Your assignment: Write out exactly the lines below that run from the one containing "Hochspannungsmast im ländlicher" through the one containing "woman giving presents", both included, with no other lines.

Exercise materials:
+++++
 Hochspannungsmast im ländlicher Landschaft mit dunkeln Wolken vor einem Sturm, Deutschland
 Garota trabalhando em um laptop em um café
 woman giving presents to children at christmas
+++++
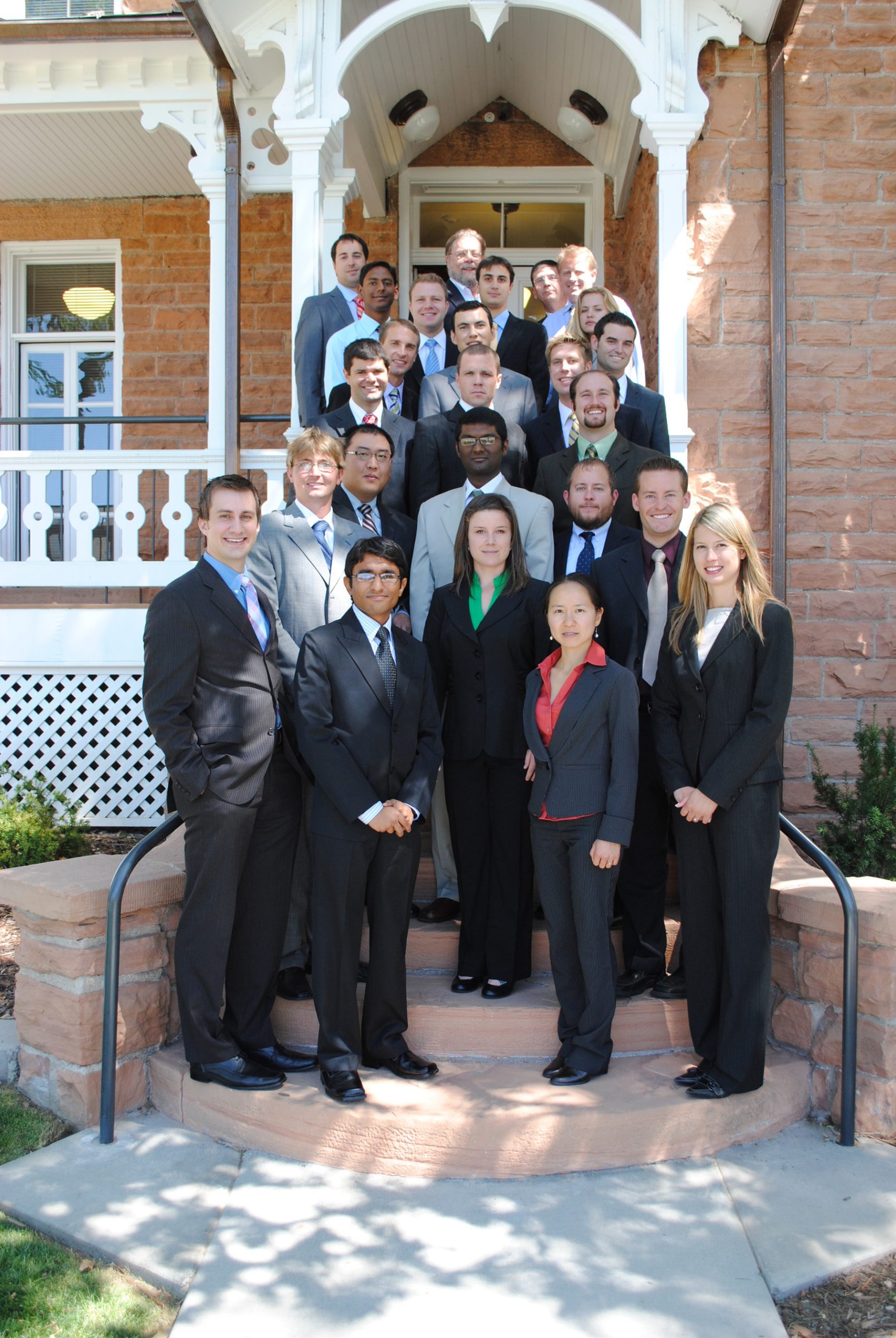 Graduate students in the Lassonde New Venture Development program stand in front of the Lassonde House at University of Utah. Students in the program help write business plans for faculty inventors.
+++++
Solved problem:
 Hochspannungsmast im ländlicher Landschaft mit dunkeln Wolken vor einem Sturm, Deutschland
 Garota trabalhando em um laptop em um café
 woman giving presents to children at christmas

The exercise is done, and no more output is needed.